Favorite Songs - In the Grip of Winter, Torn From the Womb, Dead
So, while my journey of discovery through the early years of death metal has brought me into contact with many releases for the first time, here is one with which I am exceedingly familiar and which sits near the very top of my list of all-time favourite death metal releases. Mental Funeral doesn't sound like a band playing their instruments, but rather like they are beating the songs out of them. There is a certain looseness to Autopsy's sound that belies the actual abilities of the musicians involved, but which imparts a cavernous brutality to the album that very few have been succesfully able to tap into. The production of Mental Funeral cannot be underestimated and I think Peaceville have managed to reproduce exactly the vibe the band were going for, which speaks of echoing underground caverns reeking of the foetid stench of decay where unspeakable acts of brutality take place. Track names like Twisted Mass of Burnt Decay and Torn From the Womb tell you all you need to know about the bands ethos, but where they score over the rest of the death metal sickos is by their inclusion of doom metal riffing that slows down the onslaught and allows a lurking fear of darkness to envelop the listener rather than an unrelenting bludgeoning that doesn't give any time for reflection. There are few better examples of what real death doom metal should sound like than some of the slower sections here, Robbing the Grave, after it's initial assault, slows to a menacing and spine-tingling crawl that should set the hairs on the back of your neck on end and send any would-be death doom pretenders heading for the exits. The doomy sections breaking-up the out-and-out brutality of the (admittedly still extremely brutal) death metal riffing imbue the album with a more memorable quality than some of the band's more high velocity contemporaries. Check out the riff to In the Grip of Winter for point in question - this has got to be one of the most iconic death doom riffs ever.

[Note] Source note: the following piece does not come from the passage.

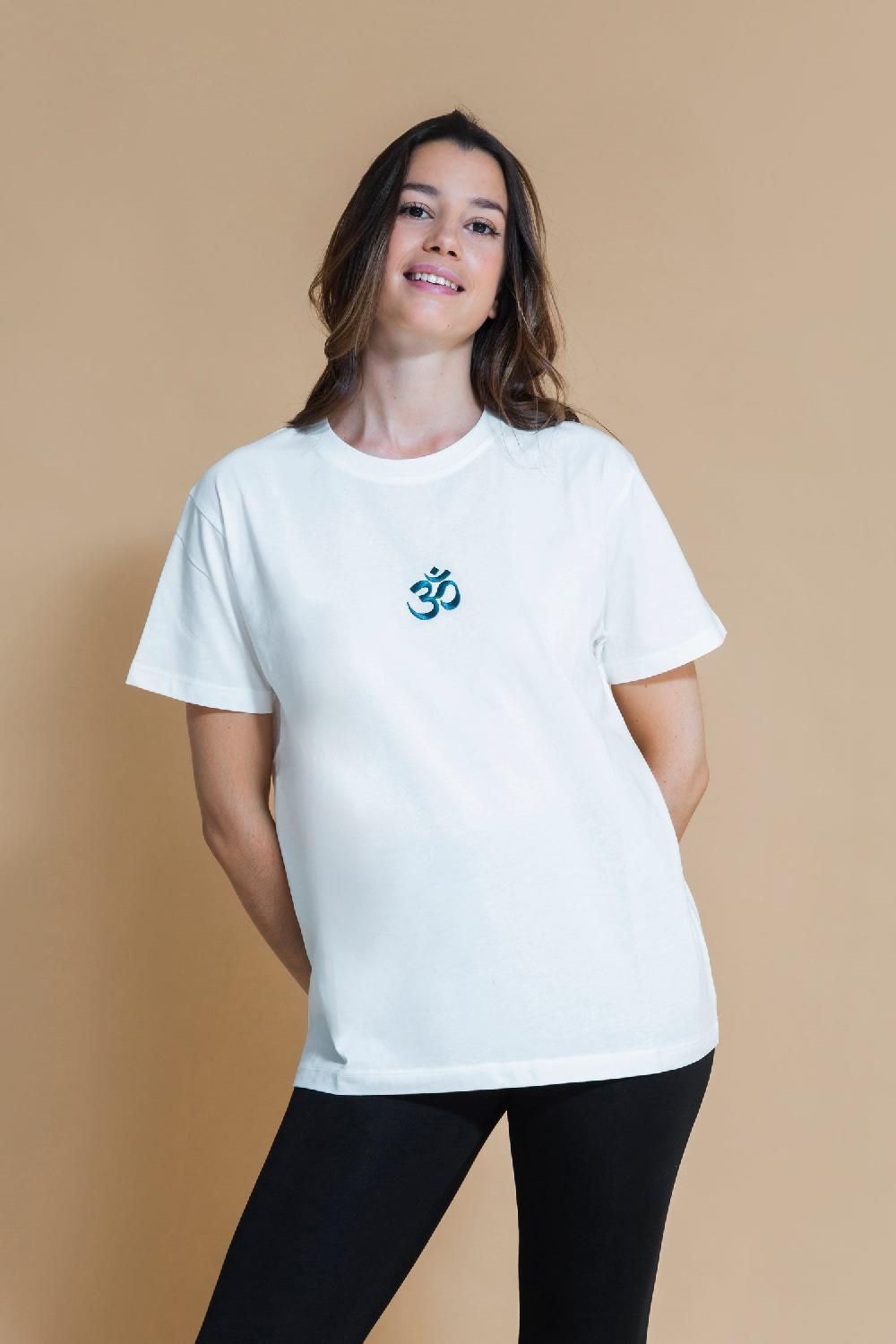shambhala barcelona Camiseta Om Blanco Roto Rebajas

I must also state at this point that Chris Reifert is an absolute fucking beast. He made a significant contribution to Death's seminal Scream Bloody Gore, but here with his own band and agenda he has removed any shackles holding him back and his drumming is at times awesome to behold - I'm no technician so don't know how technically sound it is, but it is just so brutally pummelling that it almost becomes a force of nature - Bonesaw is a forty second death metal drumming masterclass in my book. Add to this arguably the filthiest-sounding vocals in all of metal and you can hear that Reifert has stamped his authority all over the album.
The riffs are fantastic and are some of my favourites in all of metal. The solos are wounded, howling beasts that sound like guitarists Danny Coralles and Eric Cutler have tortured their instruments to get them to give them up, suiting the album's atmosphere better than I would imagine a smoother, more technically gifted guitarist like James Murphy, for example, would. The songwriting is brilliant with several twists and turns throughout some of the longer tracks with multiple time changes and transitions and I don't think there is a weak track on the whole album. I think I would go as far as to say if you want an album to sum up what metal is truly all about then you should slam on Mental Funeral and be electrified! This is nothing less than doom-laden metal of death, necrotic and pungent with the malodorous stench of mouldering corpses and is a true classic.